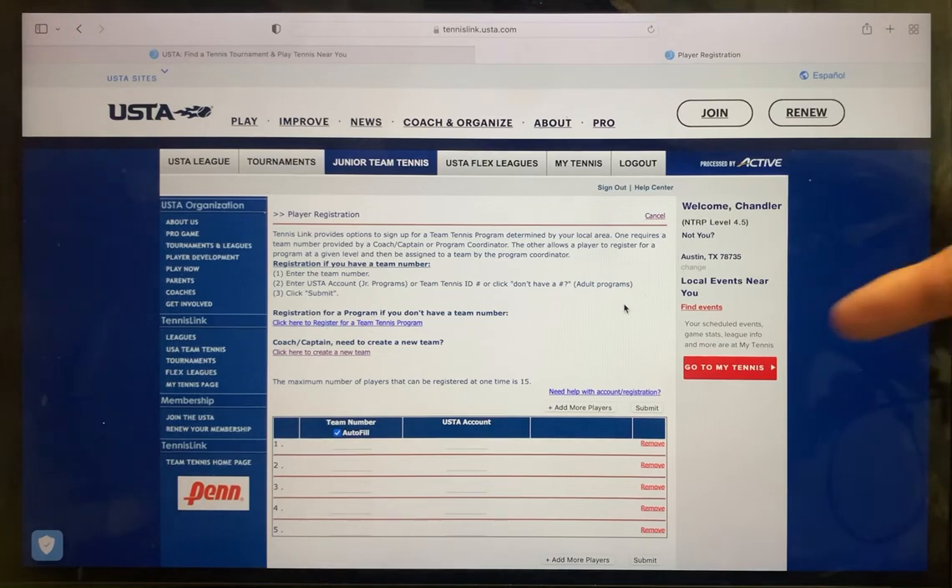In the right-hand column, you will want to enter your child's unique individual USTA membership number, which was provided to you at the time you registered your child with the United States Tennis Association.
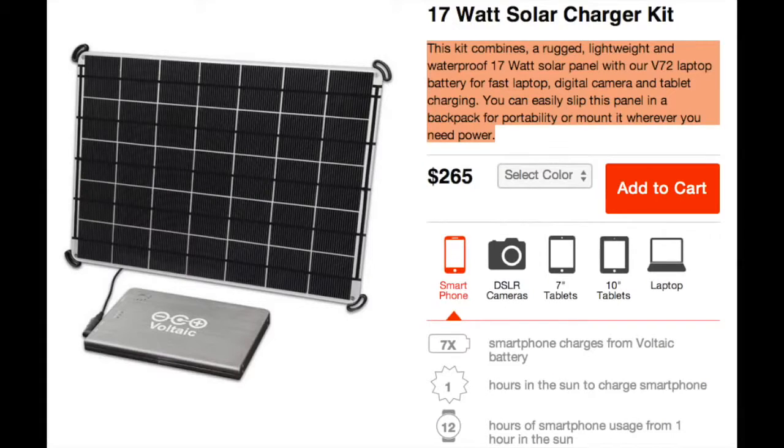You can get your own 17-watt solar kit complete with a V72 laptop battery for $265, which will allow you to charge your smartphone or laptop and even your digital camera. Just make sure to ask for all the right wiring and connections. Getting off the grid has never been easier.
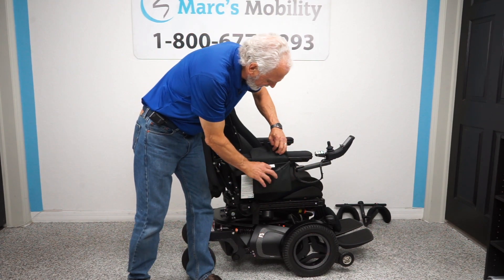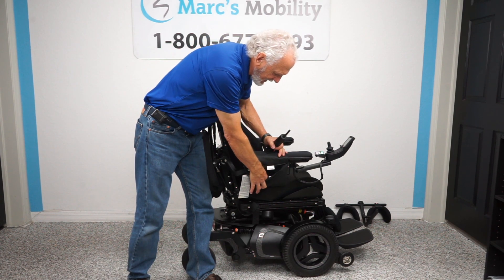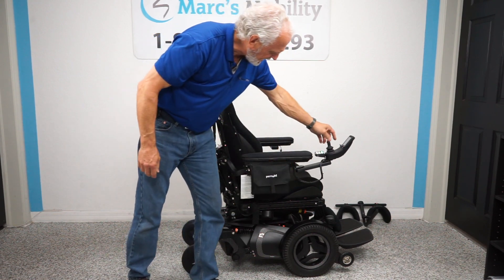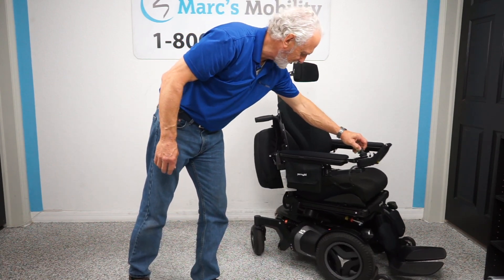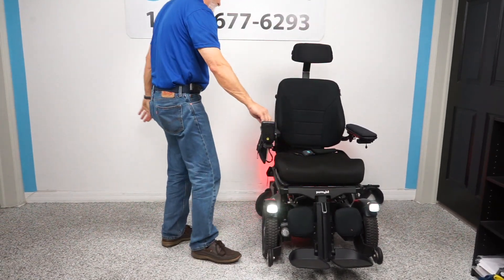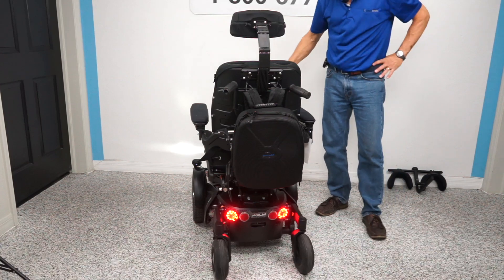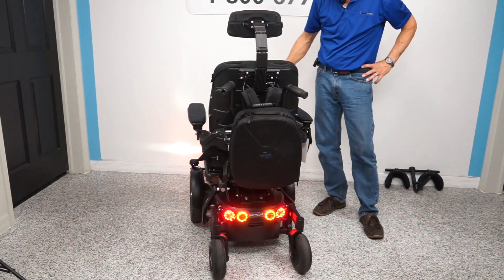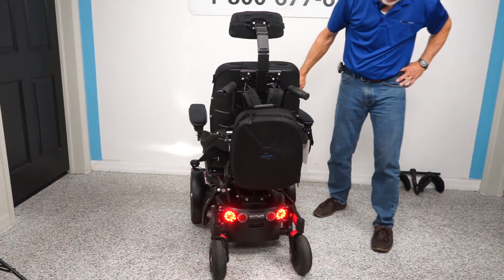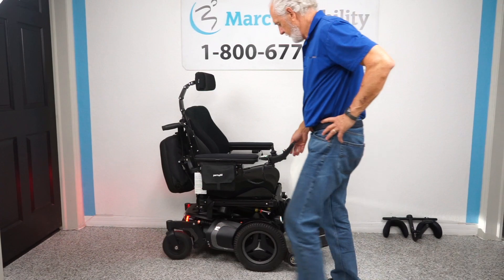There's also a Permobil bag with a pump for the air cushion and small tools — all included with the chair. And from the factory, this chair has headlights, tail lights, a right flasher, and a left flasher — hazards included. You're fully equipped with lighting on this chair.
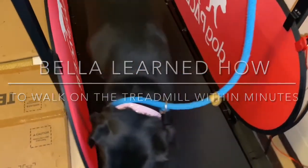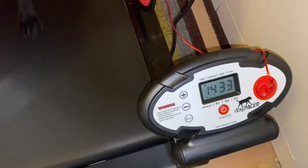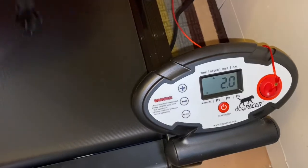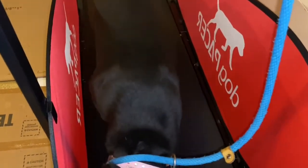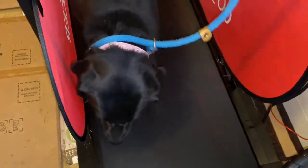I put some feet on the treadmill, she got on, I turned it on, she's doing great — going at 2.0 right now. I assembled it myself and I'm not very mechanical, but so far so good, she's doing great her first time.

■ Work item
Leave out the pictures; repeat the data exactly.

■ Task response
In the right-hand column, you will want to enter your child's unique individual USTA membership number, which was provided to you at the time you registered your child with the United States Tennis Association.
You can get your own 17-watt solar kit complete with a V72 laptop battery for $265, which will allow you to charge your smartphone or laptop and even your digital camera. Just make sure to ask for all the right wiring and connections. Getting off the grid has never been easier.
There's also a Permobil bag with a pump for the air cushion and small tools — all included with the chair. And from the factory, this chair has headlights, tail lights, a right flasher, and a left flasher — hazards included. You're fully equipped with lighting on this chair.
I put some feet on the treadmill, she got on, I turned it on, she's doing great — going at 2.0 right now. I assembled it myself and I'm not very mechanical, but so far so good, she's doing great her first time.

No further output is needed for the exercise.